Worse, of course, is when the issues on which one is attacked are sub judice and one has to keep one’s eyes focused on the litigation, no matter how provocative the article. Unfortunately, the KWV saga will have to wait for progress in the courts.
On the competition matter, however, the granting of the Competition Appeal Court judgment this week does allow one to reply without fear of undermining a court case that is in progress.
Ann Crotty has it that it was somehow wrongful for us to challenge what we saw as an unbearably obstructive ruling from the Competition Tribunal. She suggested my wily character may even allow us to win that litigation — which happily we have since done — but that it is not nice and certainly sits badly next to claims of trying to be a good corporate citizen.
The background to the matter is as follows: we successfully applied to the competition authorities for permission to merge with Johnnic a few years ago, including the right to become the joint controlling shareholder of Tsogo. Some time later, SABM decided to dispose of its stake in Tsogo, leaving us as the party in sole control. Tsogo took the opportunity to buy back some of its shares, concentrating our holding from 42% to 47%.
HCI decided to consolidate Tsogo’s earnings into its accounts. Out of deference to the competition authorities and to ensure we were free to increase our stake to above 50%, HCI applied a second time to the competition authorities for per- mission, this sole control.
At the time, we were the majority owners of two other gaming businesses, Vukani and Galaxy Bingo. All this was well known to the authorities and was disclosed in that application. Again, the authorities approved our right to take full control of Tsogo.
In December 2016, we announced our intention, subject to due diligence, written agreement and regulatory approvals, to restructure our gaming businesses into a single corporation. This was no merger. We already had sole control of each of them with the permission of the competition authorities.
The due diligence was completed, the agreement of sale was signed and the many regulatory requirements for a related party transaction in a listed environment were complied with, including obtaining external opinions that the terms of the transaction were fair and reasonable, and allowing shareholders to vote on the matter by special resolution requiring 75% approval in a vote from which HCI was precluded as it was the related party.

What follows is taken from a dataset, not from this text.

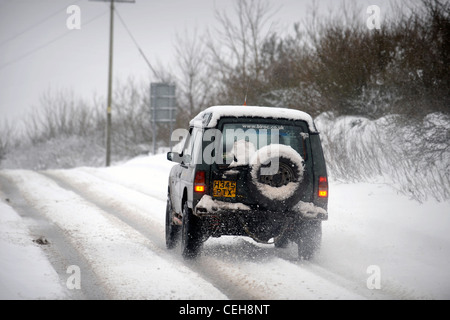 Un Land Rover 4x4 négocie une colline dans la neige dans le Gloucestershire UK Banque D'Images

The transaction has the smallest effect on HCI. Before it, we owned 52% of Vukani and Galaxy Bingo and 47,5% of Tsogo. After the transaction, we will own about 50,5% of all three.
We were not able to approach the competition authorities prior to the signing of the sale agreement but immediately it was signed, we notified them of the transaction and that we believed it did not require any further approval by the competition authorities since they had already approved it.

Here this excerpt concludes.